The needed output is the run of lines below from the one containing "Vhc Brands Kettle" through the one containing "Karen Millen Black", copied exactly and free of pictures.

Caption-style text data
* * * * *
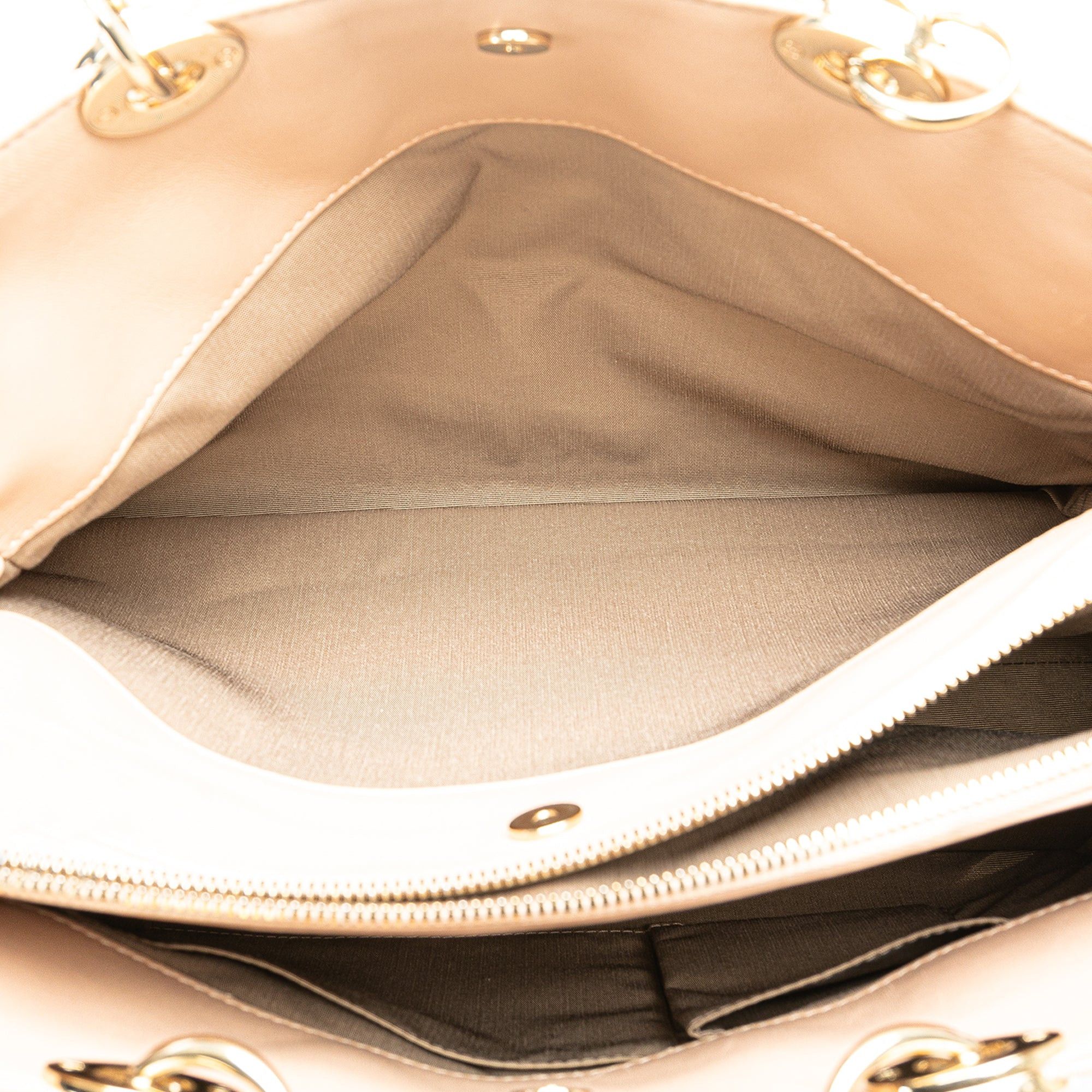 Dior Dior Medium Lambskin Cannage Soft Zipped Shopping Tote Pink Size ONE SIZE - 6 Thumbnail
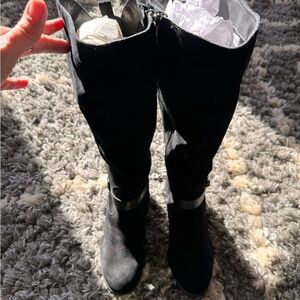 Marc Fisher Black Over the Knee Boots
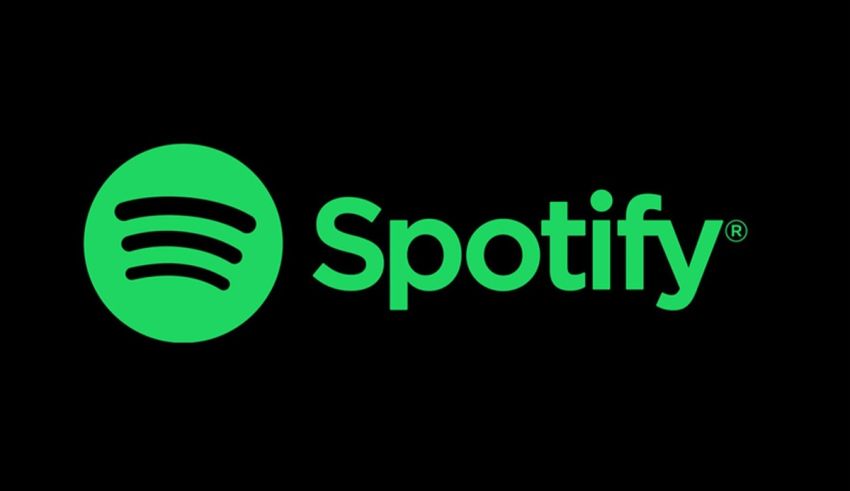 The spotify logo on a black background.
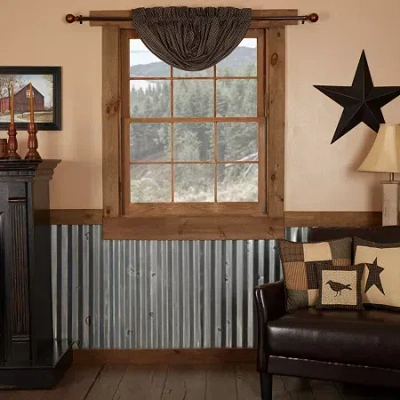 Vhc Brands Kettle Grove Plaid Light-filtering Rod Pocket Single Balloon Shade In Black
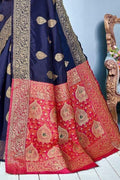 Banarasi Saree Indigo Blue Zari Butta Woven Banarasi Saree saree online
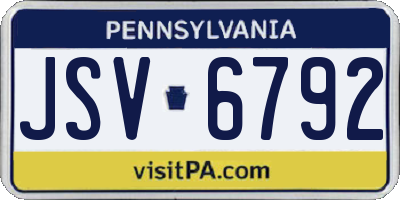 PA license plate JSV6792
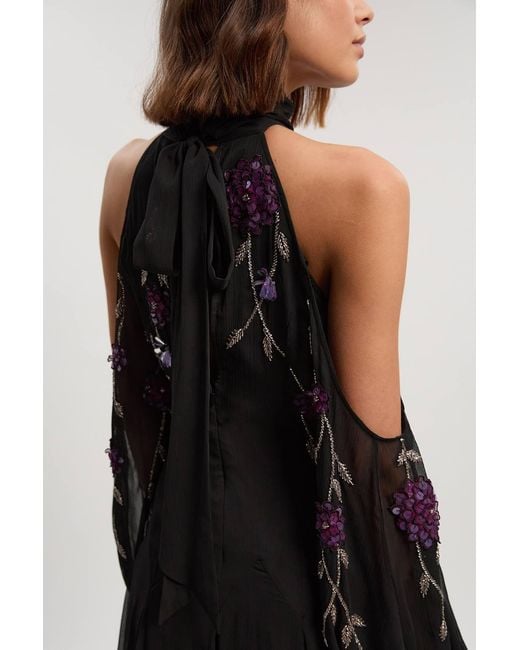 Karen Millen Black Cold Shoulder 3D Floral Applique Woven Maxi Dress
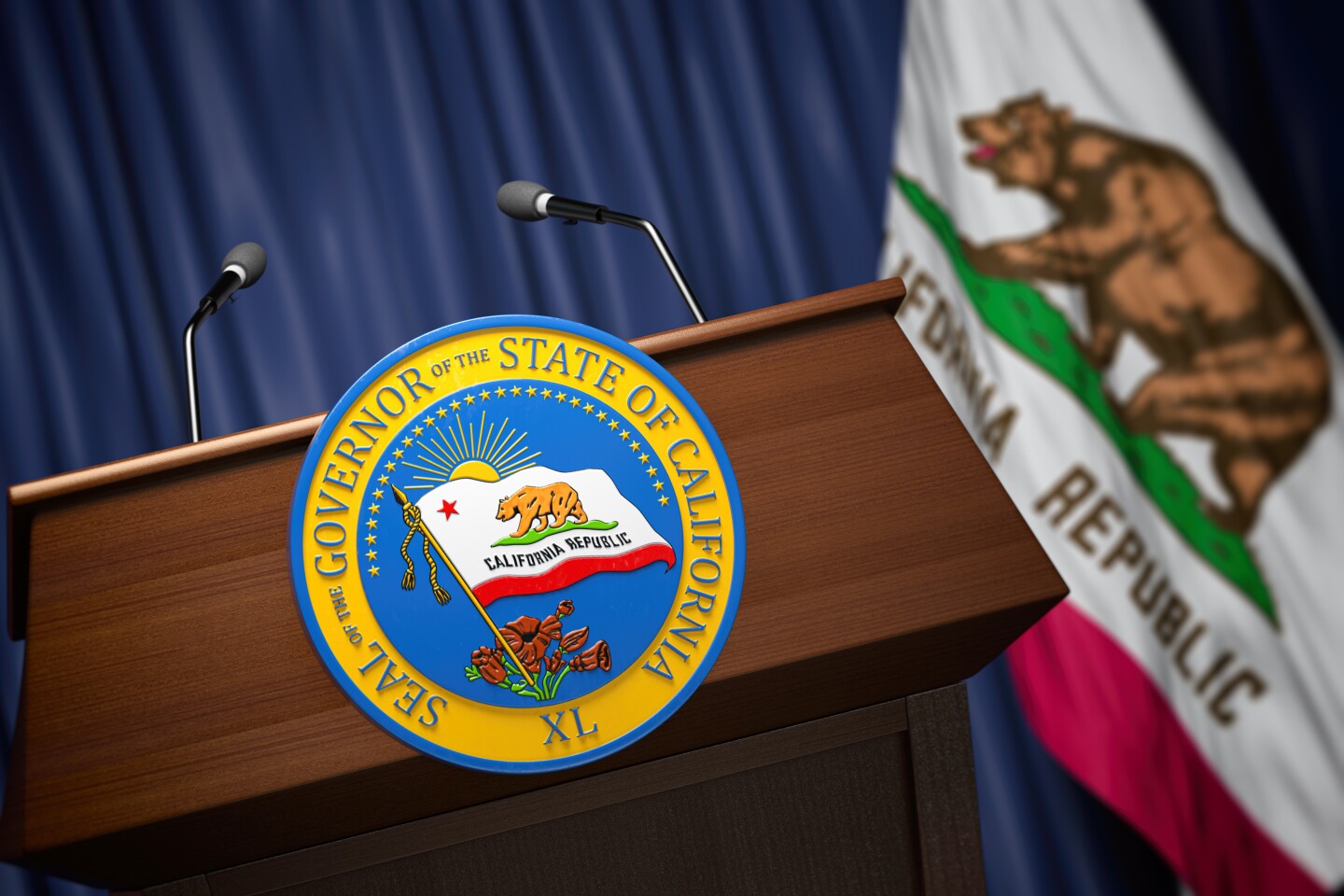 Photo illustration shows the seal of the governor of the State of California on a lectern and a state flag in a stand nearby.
* * * * *
• [Written response]:
 Vhc Brands Kettle Grove Plaid Light-filtering Rod Pocket Single Balloon Shade In Black
 Banarasi Saree Indigo Blue Zari Butta Woven Banarasi Saree saree online
 PA license plate JSV6792
 Karen Millen Black Cold Shoulder 3D Floral Applique Woven Maxi Dress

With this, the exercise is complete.